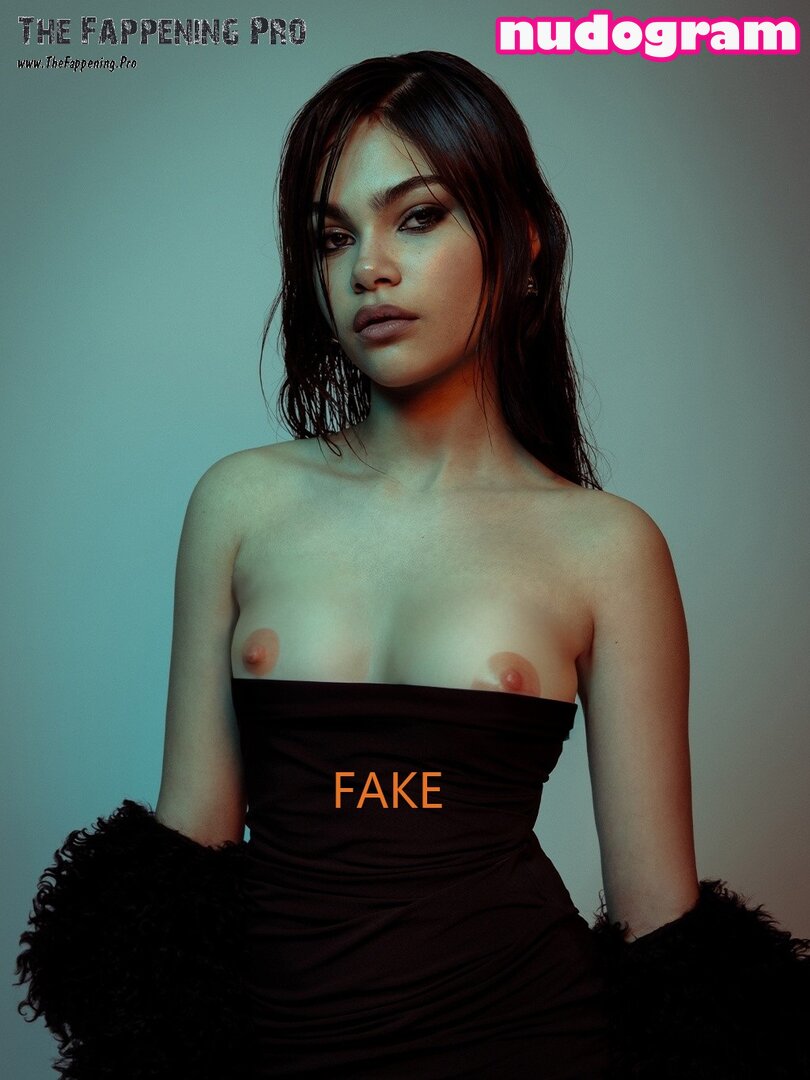 Ariana greenblatt nude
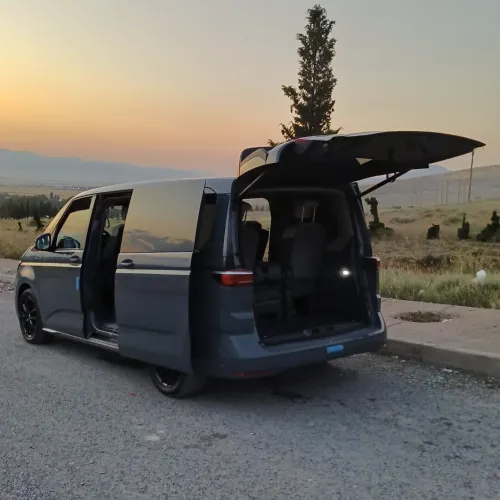 Volkswagen multivane 2024 T7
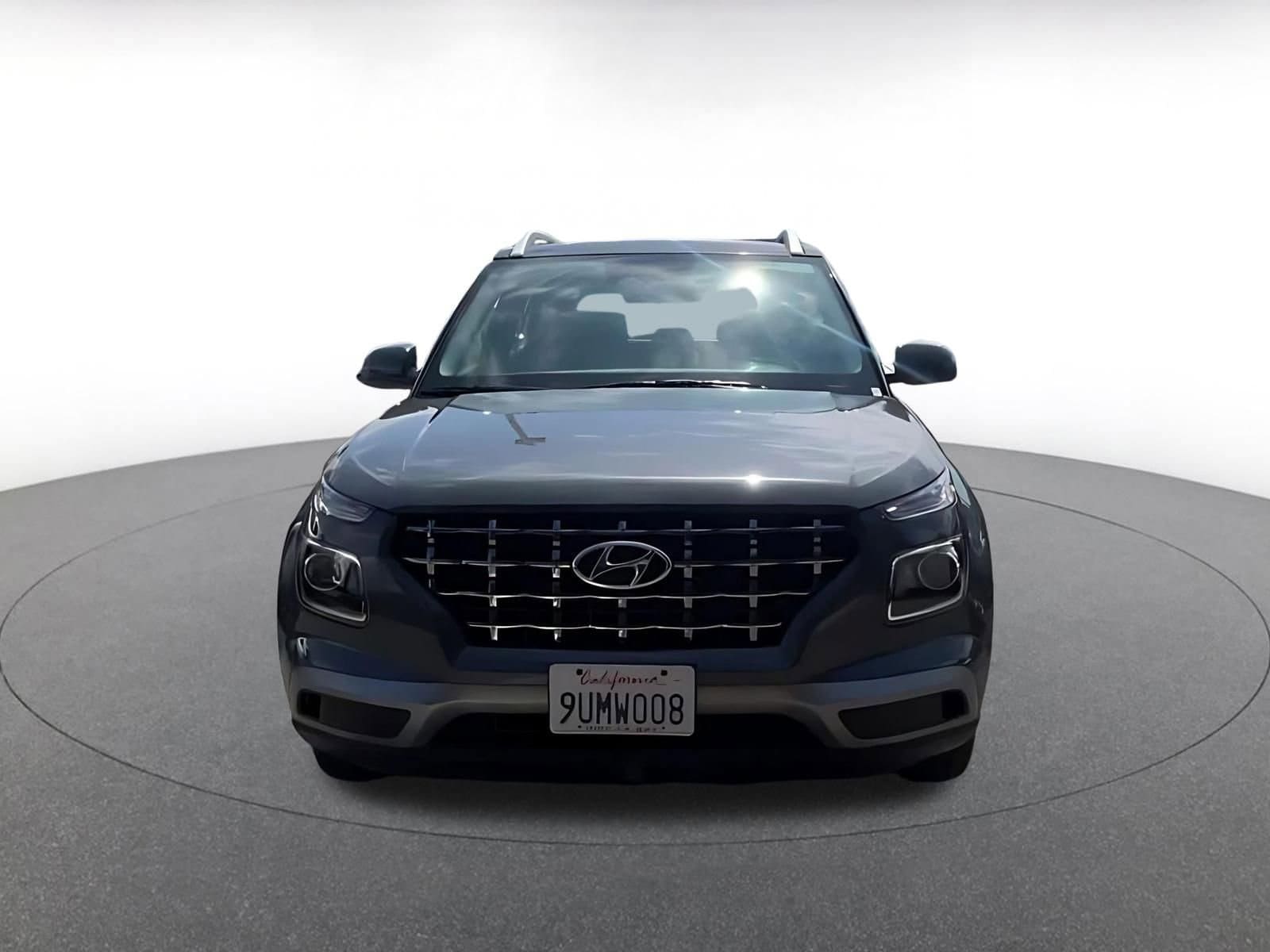 Thumbnail: 2025 Hyundai Venue - 4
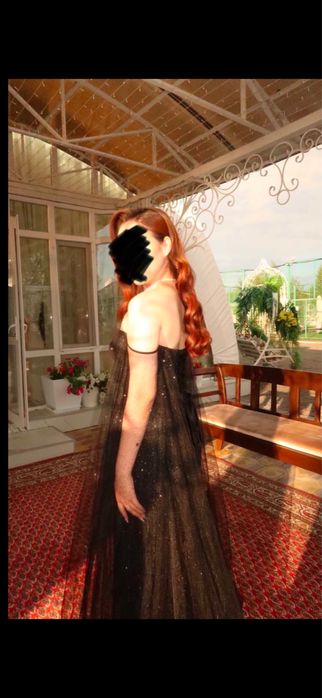 Черное вечернее платье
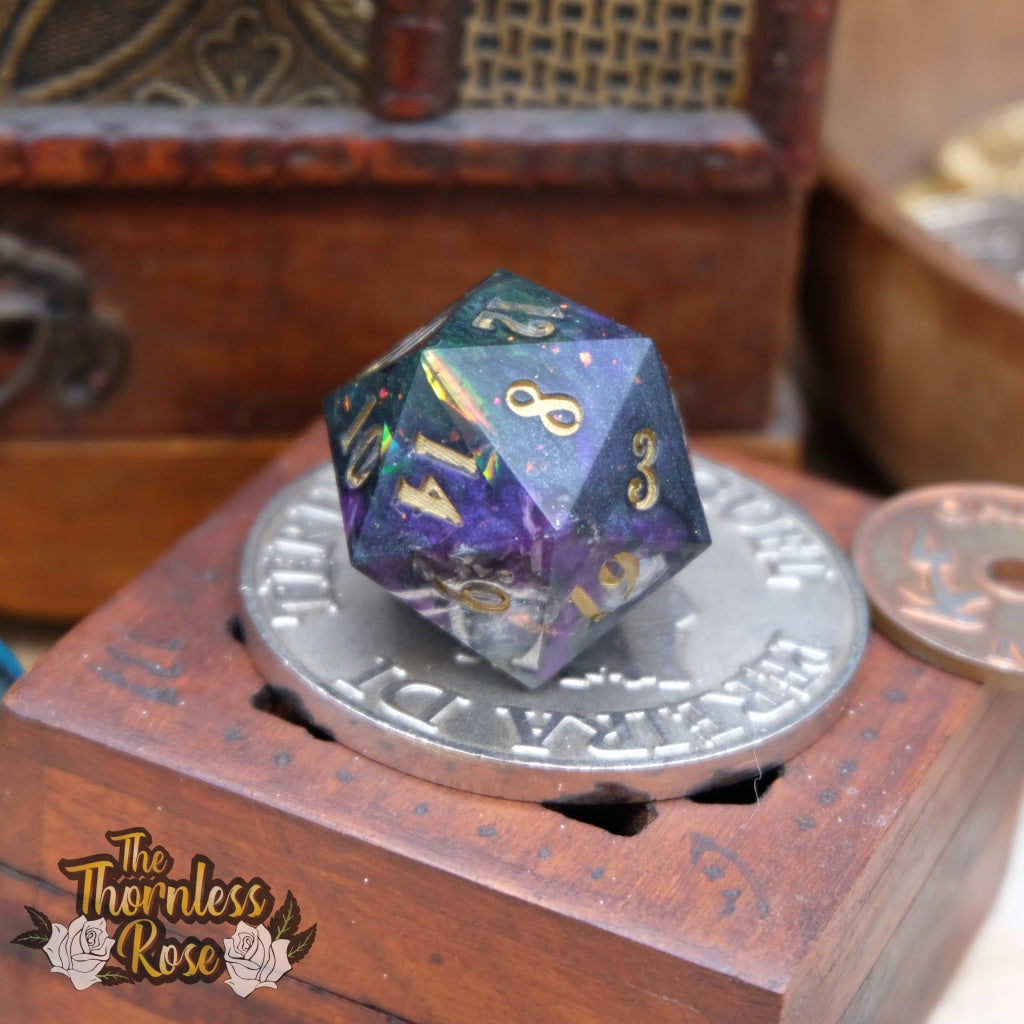 Venomous Dragon Scale 30Mm Chonk D20 Handmade Dice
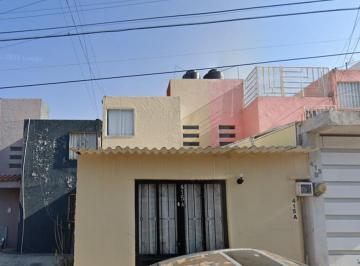 Casa de 3 habitaciones, Atlixco · Casa en Venta en Atlixco, Puebla. Clm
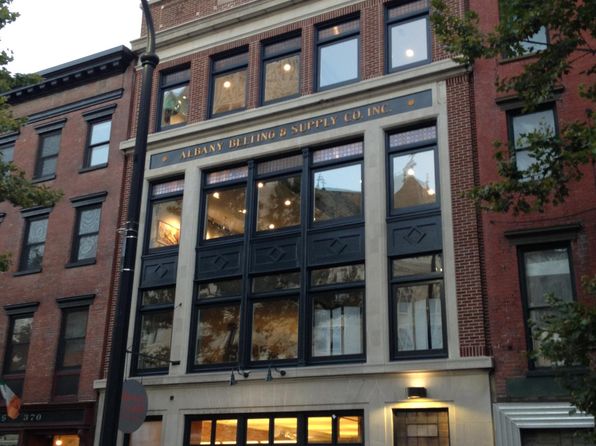 374 Broadway APT 2A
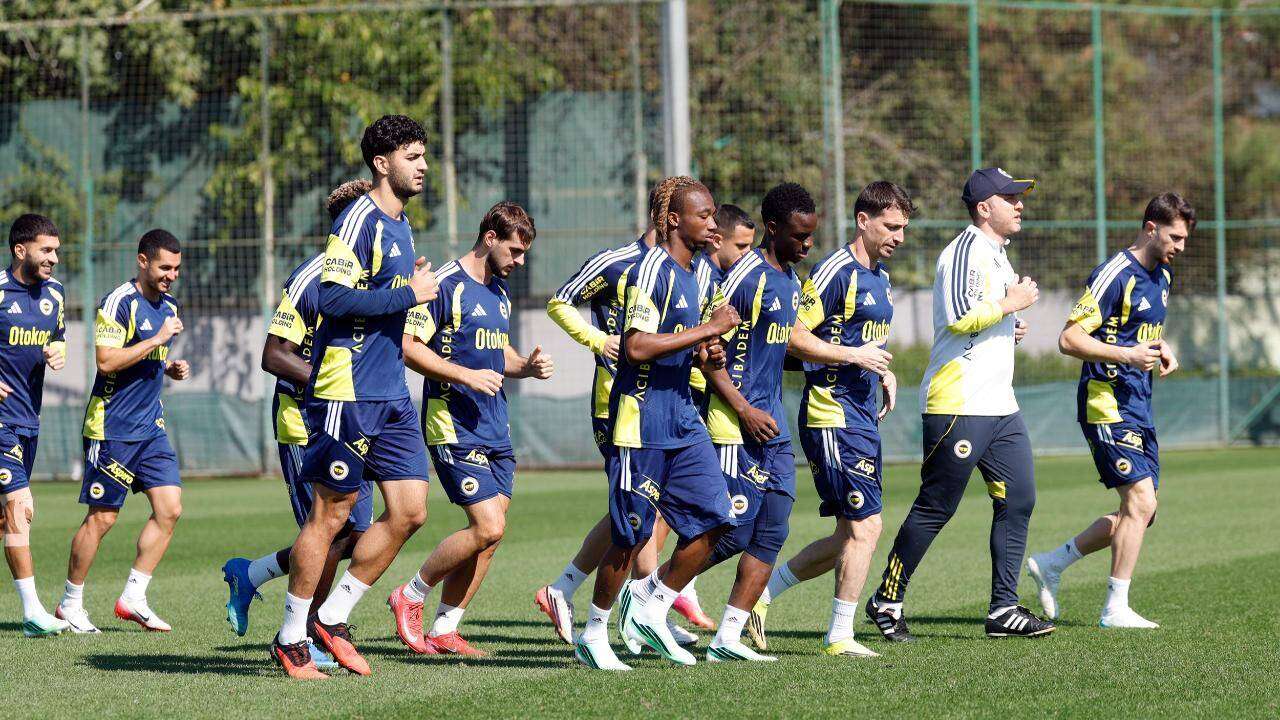 Lukaku en çok onları seviyor: Fenerbahçe'de İsmail Kartal kararını açıkladı, 11 maçta 11 gol! 3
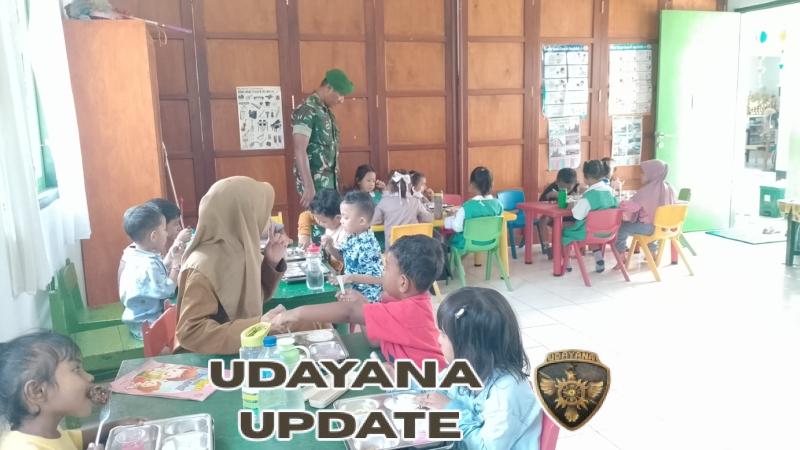 Babinsa Ende Turun Langsung Pastikan Kegiatan Makan Bergizi Gratis Berjalan Lancar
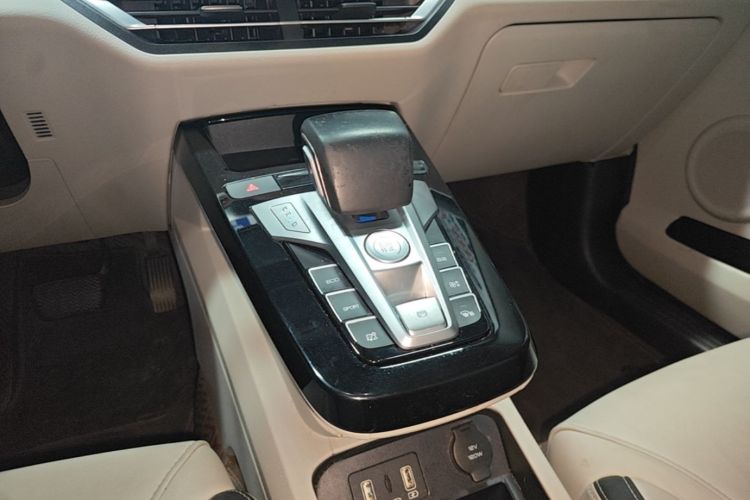 BYD Yuan Pro 2021 car image #18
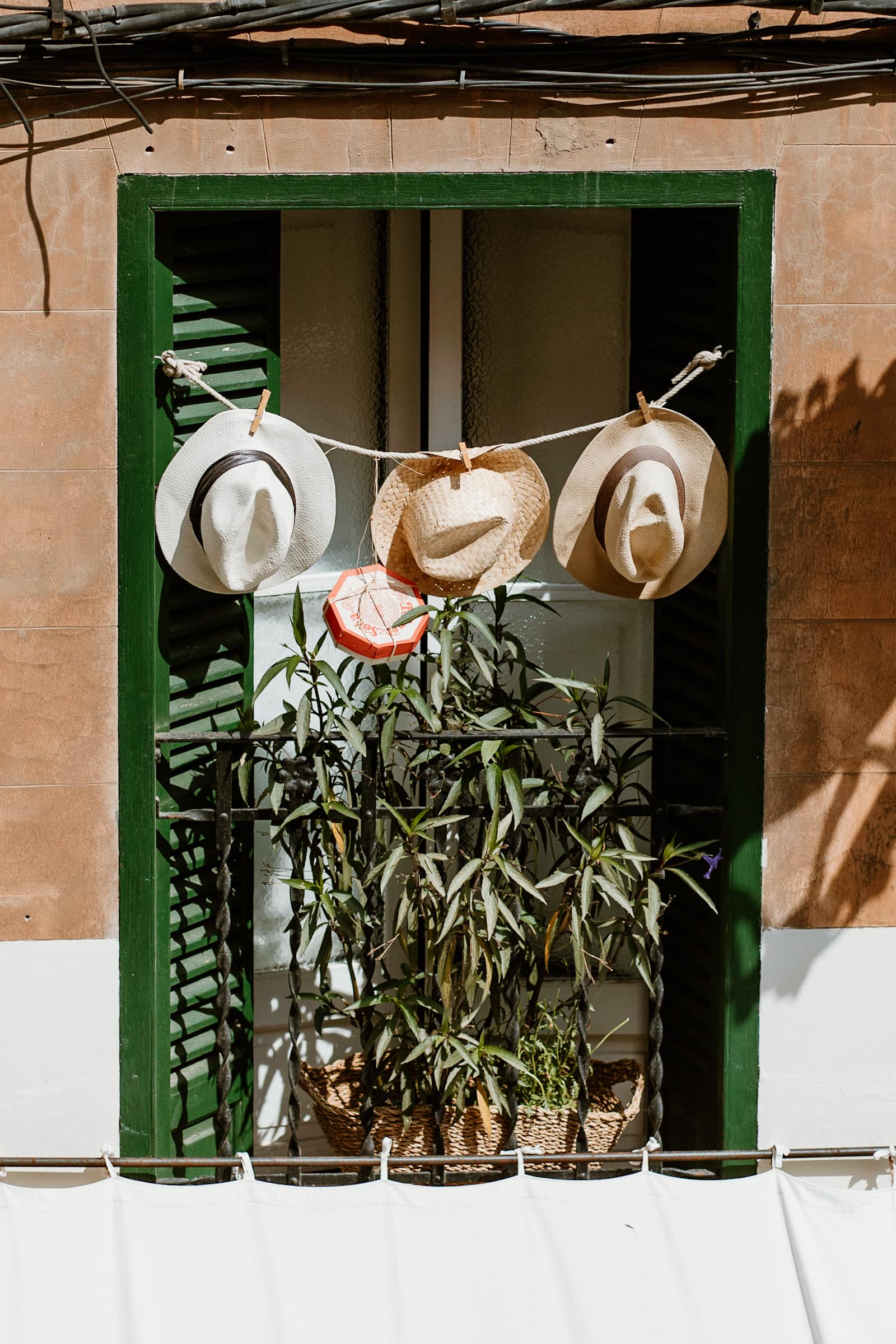 Dekoriertes Fenster in der Altstadt von Palma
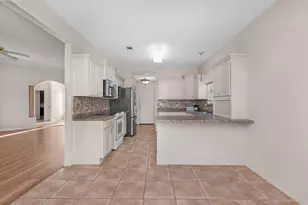 924 Shalimar Point Dr, Shalimar, FL 32579 - Photo 11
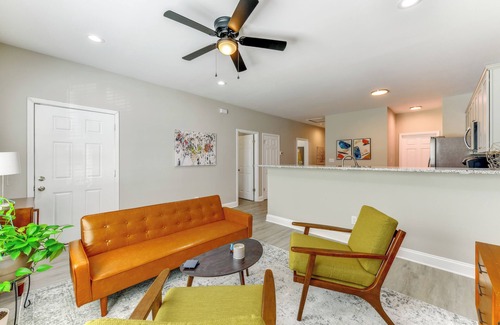 Dallas Apartment | Near Shopping & Dining: Pet-Friendly Dallas Apt!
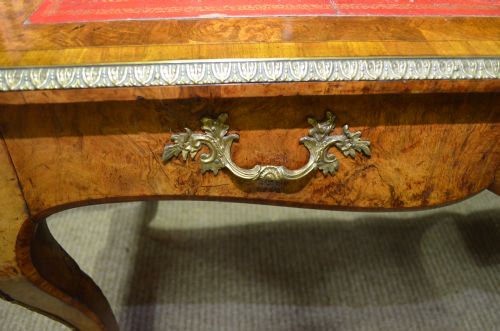 FINE 19TH CENTURY WALNUT WRITING TABLE - ADDITIONAL PHOTO 4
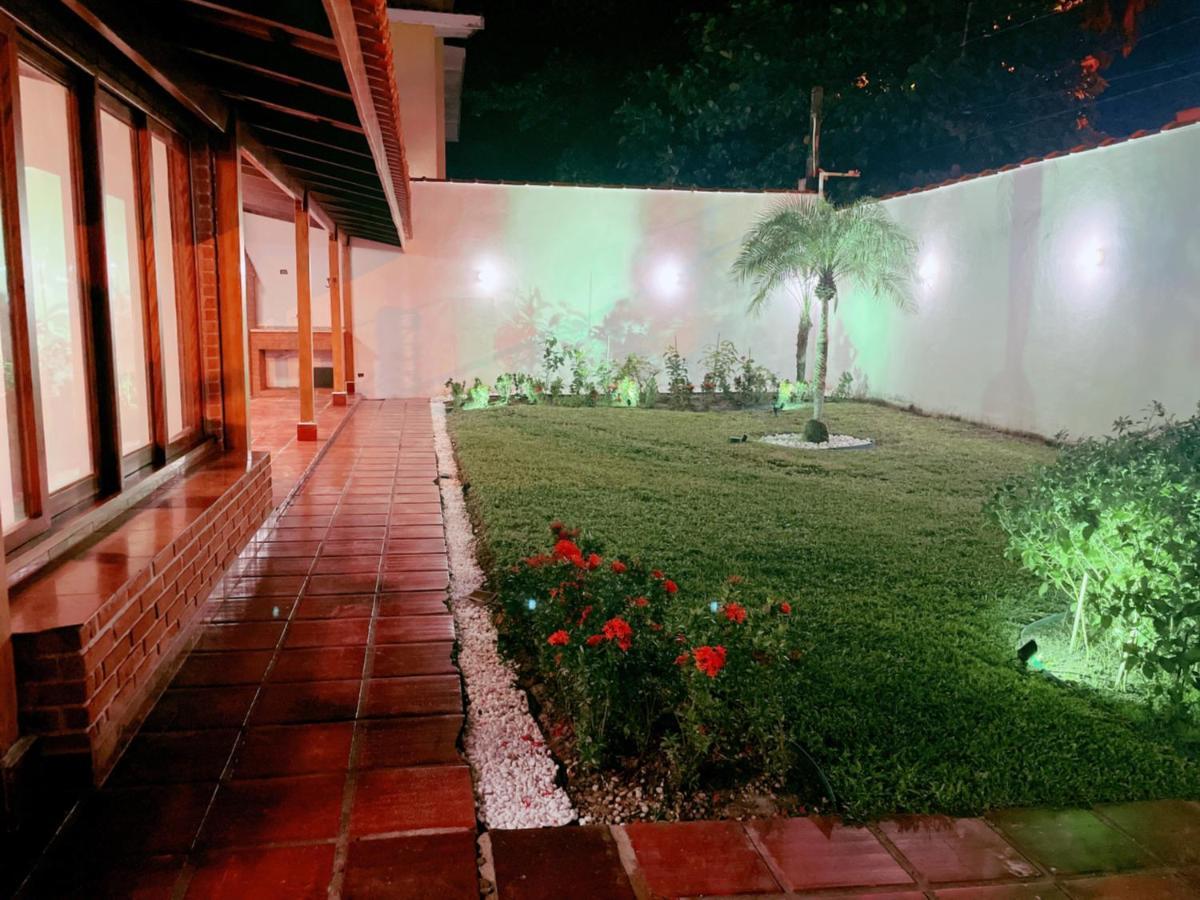 Beach House Unidade 2 - Casas De Praia Guaruja 50 Metros Do Mar المظهر الخارجي الصورة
--
Repeat the listing word for word, and skip every picture it contains.

 Ariana greenblatt nude
 Volkswagen multivane 2024 T7
 Thumbnail: 2025 Hyundai Venue - 4
 Черное вечернее платье
 Venomous Dragon Scale 30Mm Chonk D20 Handmade Dice
 Casa de 3 habitaciones, Atlixco · Casa en Venta en Atlixco, Puebla. Clm
 374 Broadway APT 2A
 Lukaku en çok onları seviyor: Fenerbahçe'de İsmail Kartal kararını açıkladı, 11 maçta 11 gol! 3
 Babinsa Ende Turun Langsung Pastikan Kegiatan Makan Bergizi Gratis Berjalan Lancar
 BYD Yuan Pro 2021 car image #18
 Dekoriertes Fenster in der Altstadt von Palma
 924 Shalimar Point Dr, Shalimar, FL 32579 - Photo 11
 Dallas Apartment | Near Shopping & Dining: Pet-Friendly Dallas Apt!
 FINE 19TH CENTURY WALNUT WRITING TABLE - ADDITIONAL PHOTO 4
 Beach House Unidade 2 - Casas De Praia Guaruja 50 Metros Do Mar المظهر الخارجي الصورة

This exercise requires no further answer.